Es por lo expuesto, al considerar que no concurren las infracciones denunciadas, que el recurso ha de ser desestimado y confirmada la sentencia de instancia.

VISTOS los anteriores preceptos y los demás de general aplicación,

Fallo

Que debemos DESESTIMAR Y DESESTIMAMOS, el Recurso de Suplicación interpuesto por D. Leonardo , contra la Sentencia de fecha 15 de Abril de 2013, dictada por el Juzgado de lo Social nº 2 de Cáceres , en los autos nº 664/12, seguidos a instancia de la recurrente, frente a EPSA INTERNACIONAL S.A, por Extinción de Contrato Temporal, y, en consecuencia, debemos confirmar y confirmamos la Sentencia de instancia.

Incorpórese el original de esta sentencia, por su orden, al Libro de Sentencias de esta sala.

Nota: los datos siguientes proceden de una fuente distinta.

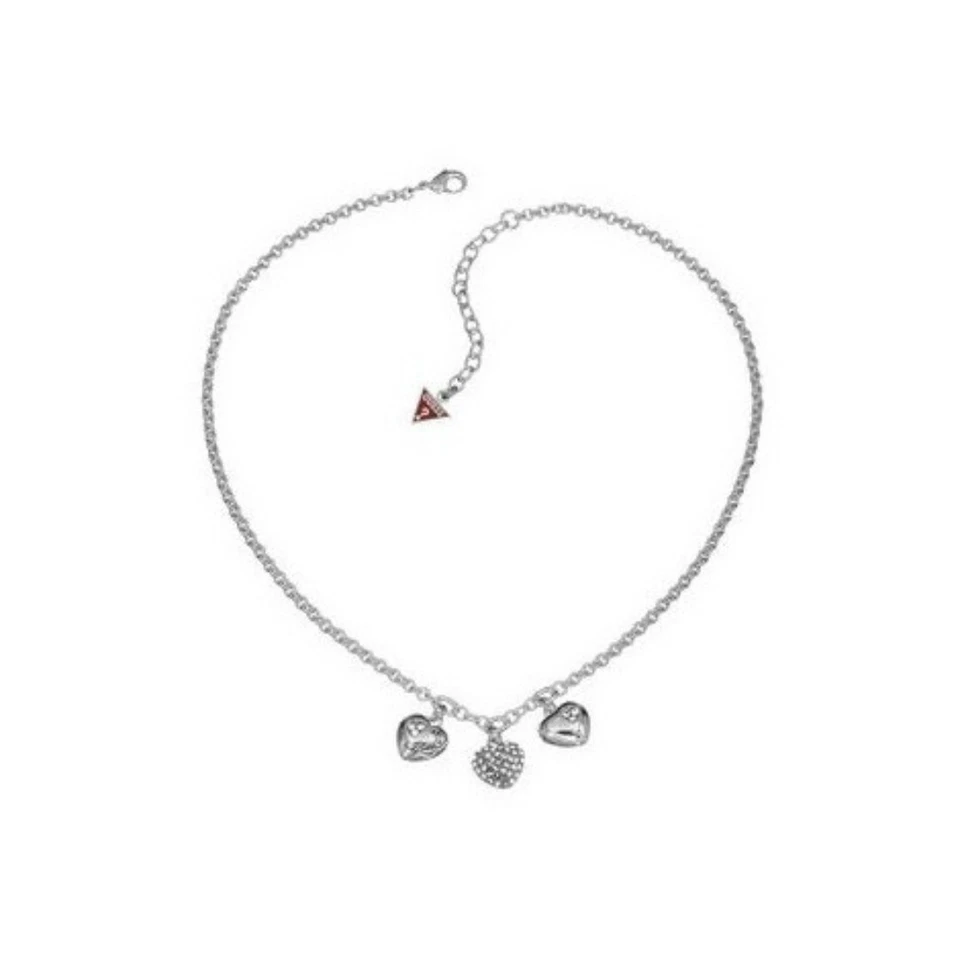 Collana a catena color silver con tre ciondoli a forma di cuore bombato UBN12013 - Immagine 1 di 1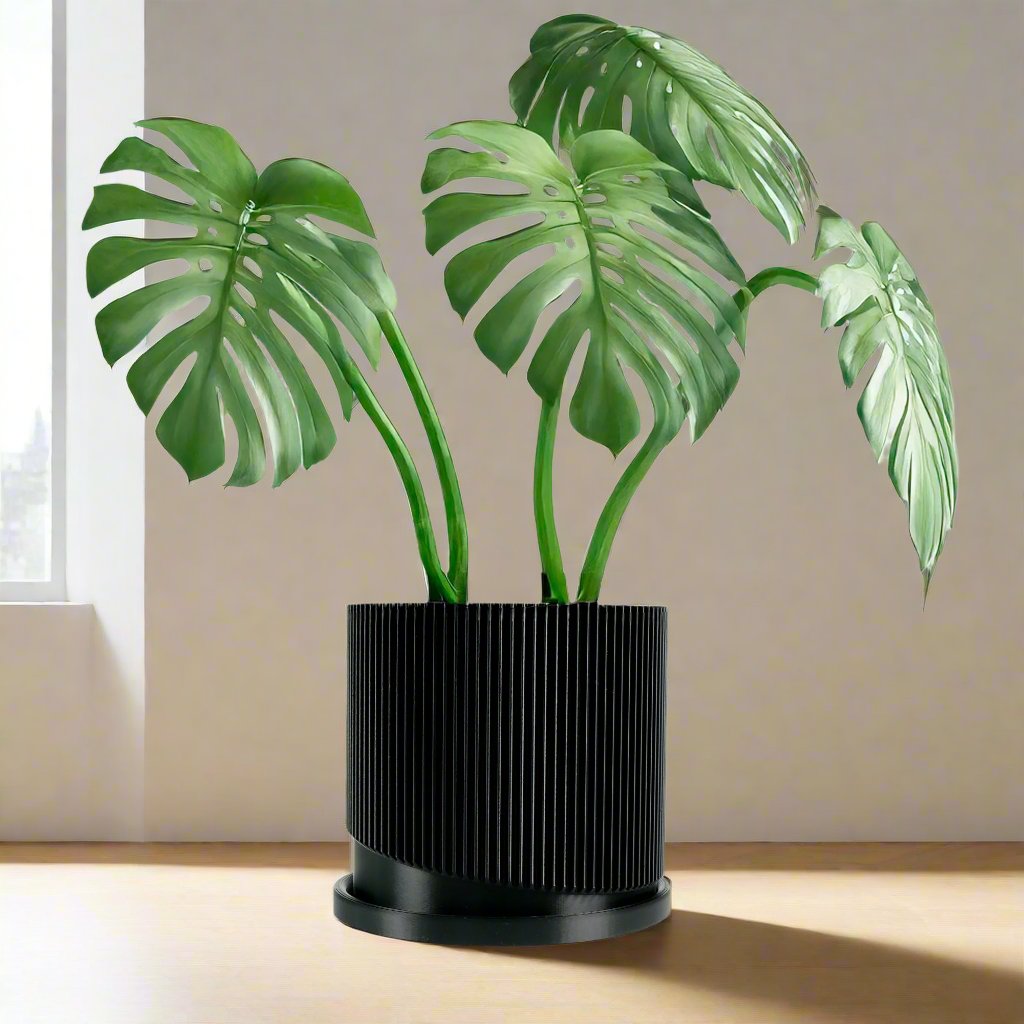Mid-Century Ribbed Planter with Drainage and Saucer in Multiple Colors
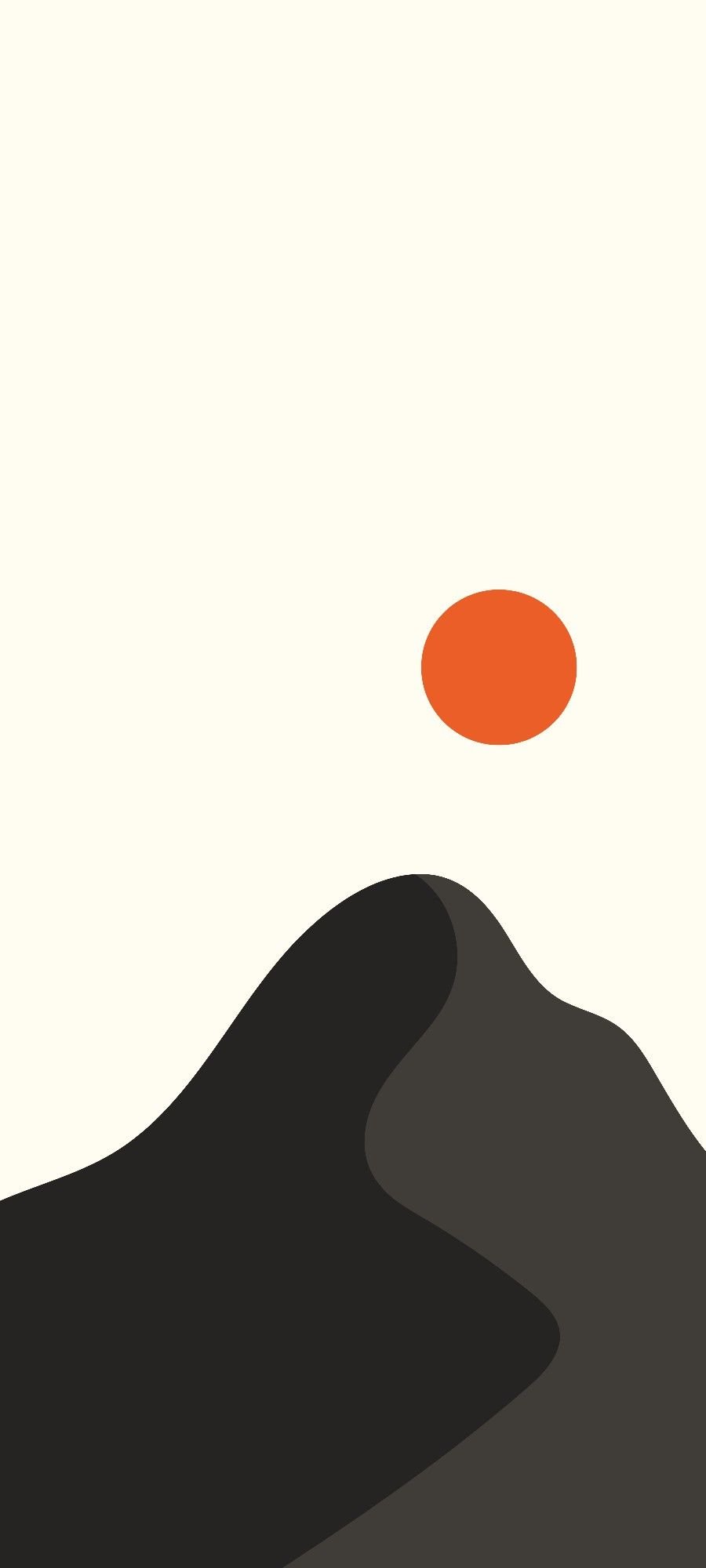 Orange Dot Mountain Horizon Minimal Download Wallpapers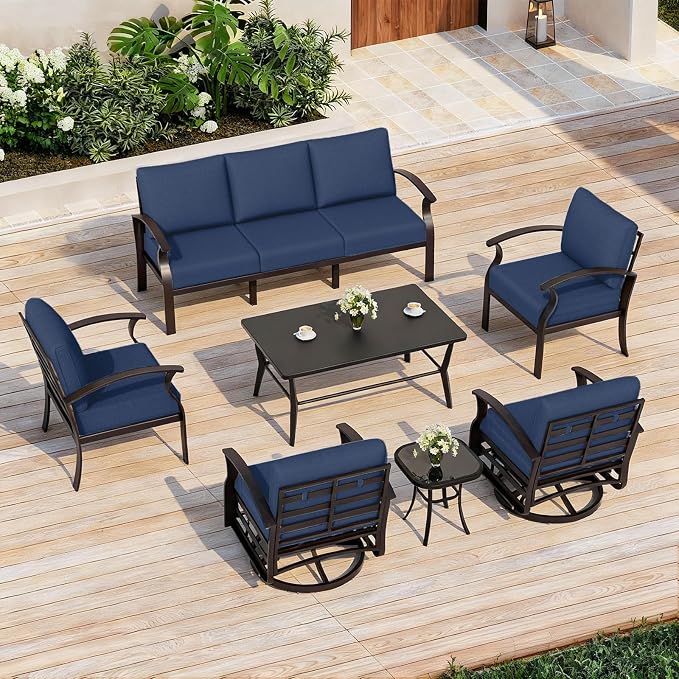 ALAULM Aluminum Patio Furniture Set with Coffee Table Rectangular, 7-seat Outdoor Sectional Furniture w/Swivel Chairs, Patio Conversation Set for Porch, Backyard, Poolside-Dark Blue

MODO DE IMPUGNACIÓN: Se hace saber a las partes que contra esta sentencia cabe interponer recurso de casación para la unificación de doctrina que ha de prepararse mediante escrito presentado ante esta Sala de lo Social dentro del improrrogable plazo de diez días hábiles inmediatos siguientes a la fecha de notificación de esta sentencia.

Si el recurrente no tuviere la condición de trabajador o beneficiario del régimen público de la Seguridad Social o beneficio de asistencia jurídica gratuita, deberá consignar la cantidad de 600 euros, en concepto de depósito para recurrir, en la cuenta expediente de este Tribunal en BANESTO Nº 1131 0000 66 0448 13, debiendo indicar en el campo concepto, la palabra 'recurso', seguida del código '35 Social-Casación'. Si el ingreso se hace mediante transferencia bancaria deberá incluir tras la cuenta genérica proporcionada para este fin por la entidad 0030 1846 42 0005001274, en el campo 'observaciones o concepto' en bloque los 16 digitos de la cuenta expediente, y separado por un espacio 'recurso 35 Social-Casación'.

La Consignación en metálico del importe de la condena eventualmente impuesta deberá ingresarse en la misma cuenta. Si efectuare diversos pagos en la misma cuenta deberá especificar un ingreso por cada concepto, incluso si obedecen a otros recursos de la misma o distinta clase indicando en el campo de observaciones la fecha de la resolución recurrida utilizando el formato dd/mm/aaaa. Quedan exentos de su abono en todo caso, el Ministerio Fiscal, el Estado, las Comunidades Autónomas, las Entidades locales y los Organismos Autónomos dependientes de ellos.

Expídanse certificaciones de esta sentencia para su unión a la pieza separada o rollo de suplicación, que se archivará en este Tribunal, y a los autos principales.

Notifíquese la presente sentencia a las partes y a la Fiscalía de este Tribunal Superior de Justicia.

Una vez adquiera firmeza la presente sentencia, devuélvanse los autos originales, para su debida ejecución, al Juzgado de lo Social de su procedencia, dejando de ello debida nota en los Libros de esta Sala.

Así, por esta nuestra sentencia, lo pronunciamos, mandamos y firmamos.

PUBLICACIÓN

En el día de su fecha fue publicada la anterior sentencia. Doy fe.